La Sicilia cos’è? Il verde di una pala di ficodindia che si staglia, pungente, sulla gialla distesa di calura agostana. Il seducente contrasto, tra agrodolce e salmastro sulla lingua, di un piatto di pasta con le sarde. L’esplosione multicolore di un carretto siciliano che lemme lemme s’annaca, sonagliante, per le viuzze di città.

Sì, La Sicilia è tutto questo. Un grosso, abnorme cliché languidamente cullato dalle onde, posto al centro del Mare Nostrum. Come Malena a passeggio sul lungomare di Castelcutò, la Sicilia ne ha fatte girar di teste e nei secoli ha sempre fatto parlare di sé. Nel bene e nel male.

Ogni cultura ha voluto definirci attraverso la voce di un suo grande interprete: siamo stati amanti focosi, astuti gattopardi, sporchi terroni, i più grandi oppressi della storia di engelsiana memoria e persino goethieane chiavi di tutto – ah, i soliti tedeschi esagerati.

Da Omero a Diodoro Siculo, da Alexis de Tocqueville a Johann Wolfgang Goethe, da Friedrich Engels a Massimo Giletti. Sì, avete letto bene, perché Giletti, ex intrattenitore della “domenica formato famiglia”, ora feroce fustigatore dei vizi siciliani, ha coraggiosamente raccolto il testimone e dagli studi de La7 regala all’immortalità un nuovo cliché sulla Sicilia: le signorine Napoli.

Personaggi di un immaginario degno dei migliori Ciprì e Maresco, sono la nuova frontiera della sicilianità.

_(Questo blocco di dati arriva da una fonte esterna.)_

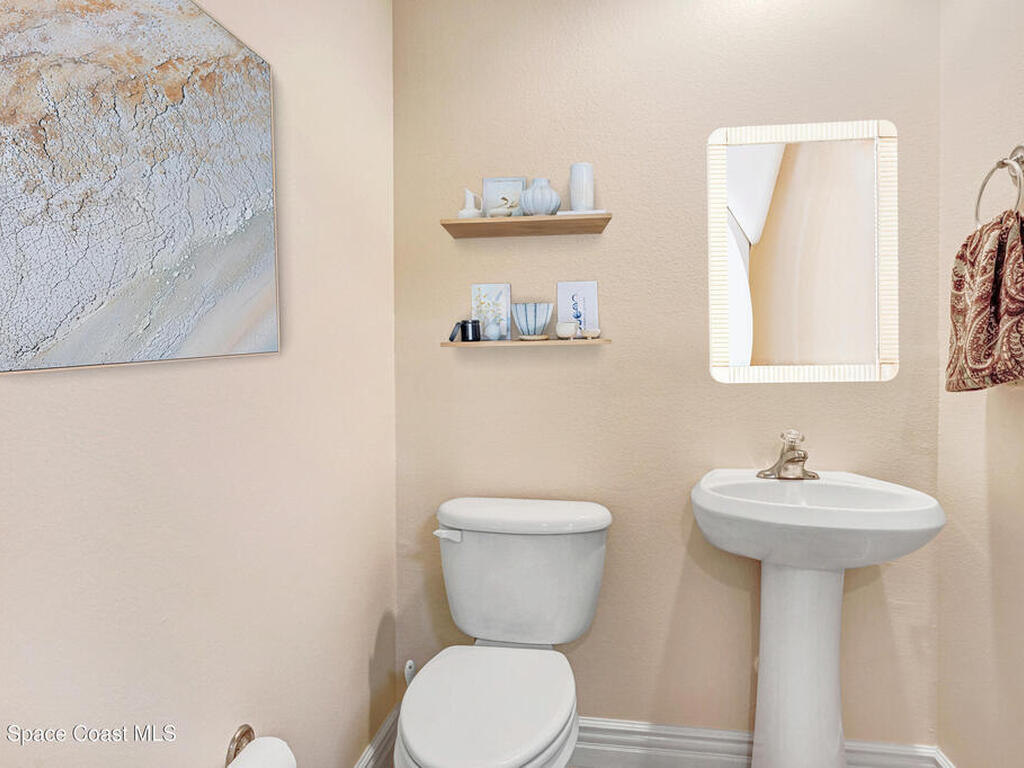 622 Cedar Side Circle, Palm Bay, 32905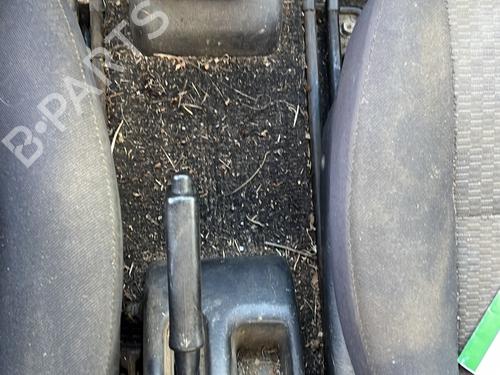 Used Parts SUZUKI JIMNY Closed Off-Road Vehicle (SN)  1.5 DDiS 4x4  4559803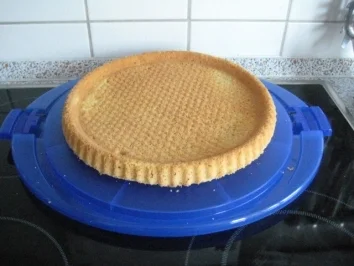 Obstkuchenteig - Rezept - Bild Nr. 12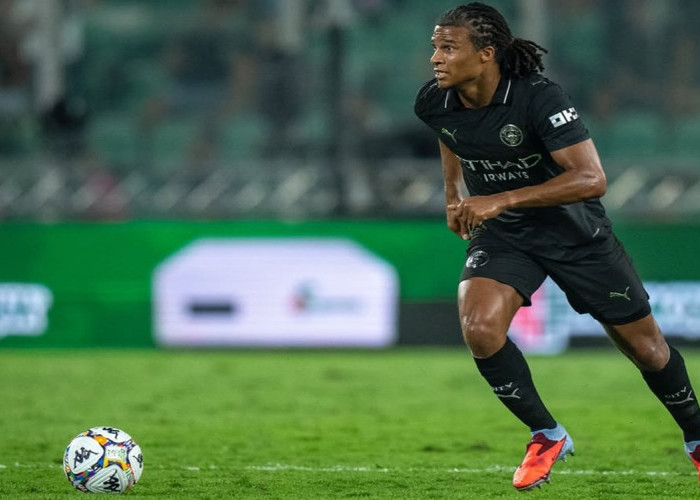 Tottenham Hotspur Bidik Nathan Ake, Siap Ajukan Tawaran di Bursa Transfer Januari 2026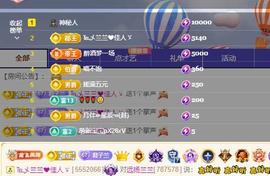 远扬兰兰❤️越来越好主播照片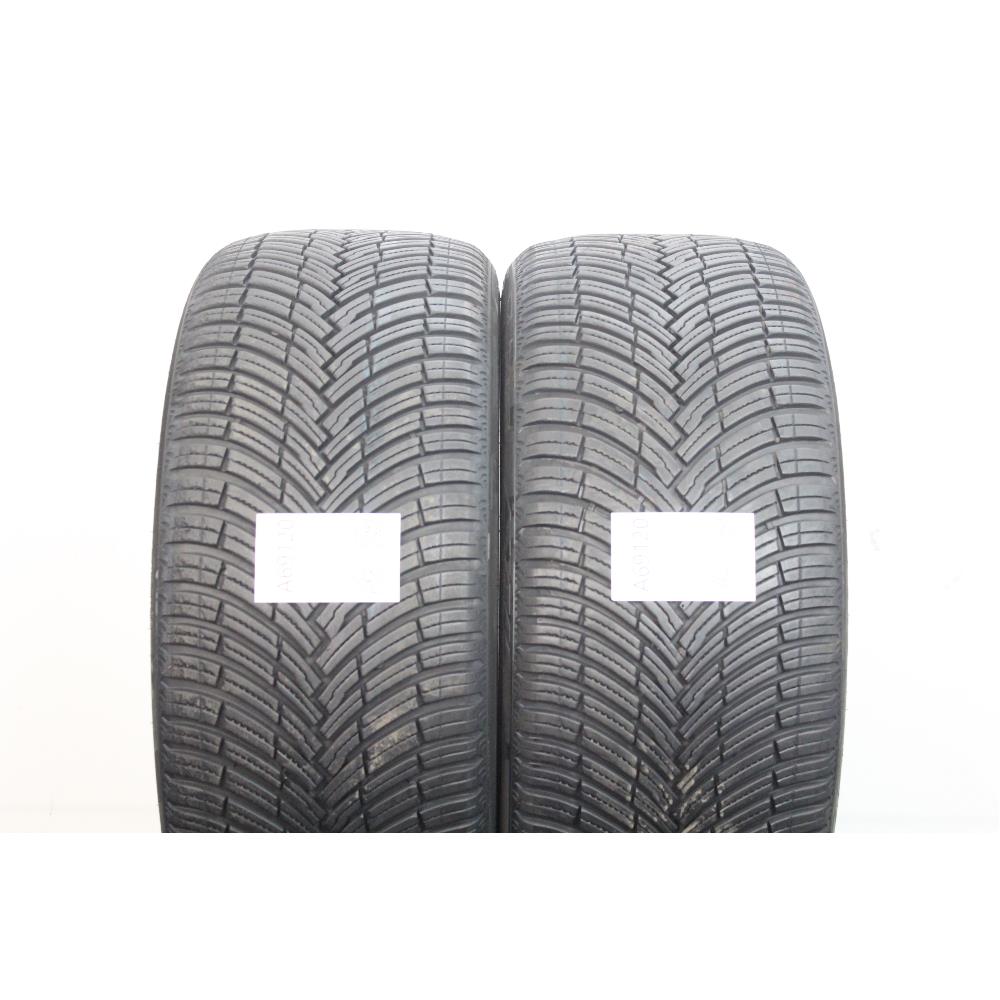 245 35 R19 93Y XL M+S PIRELLI CINTURATO ALL SEASON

Altrove sarebbe stata una storia come tante, di cui nessuno si sarebbe mai interessato: la legge di mercato che condanna al fallimento un’iniziativa imprenditoriale perdente. Ma in Sicilia, grazie alla benevolenza di un deus ex machina avvolto nelle nebbie della mafiosaggine, viene fuori un copione perfetto. Un mix scoppiettante di vittimismo sullo sfondo dell’apocalittica campagna siciliana, quella violenta, mafiosa e omertosa. E una regia – quella di Giletti – da premio Oscar.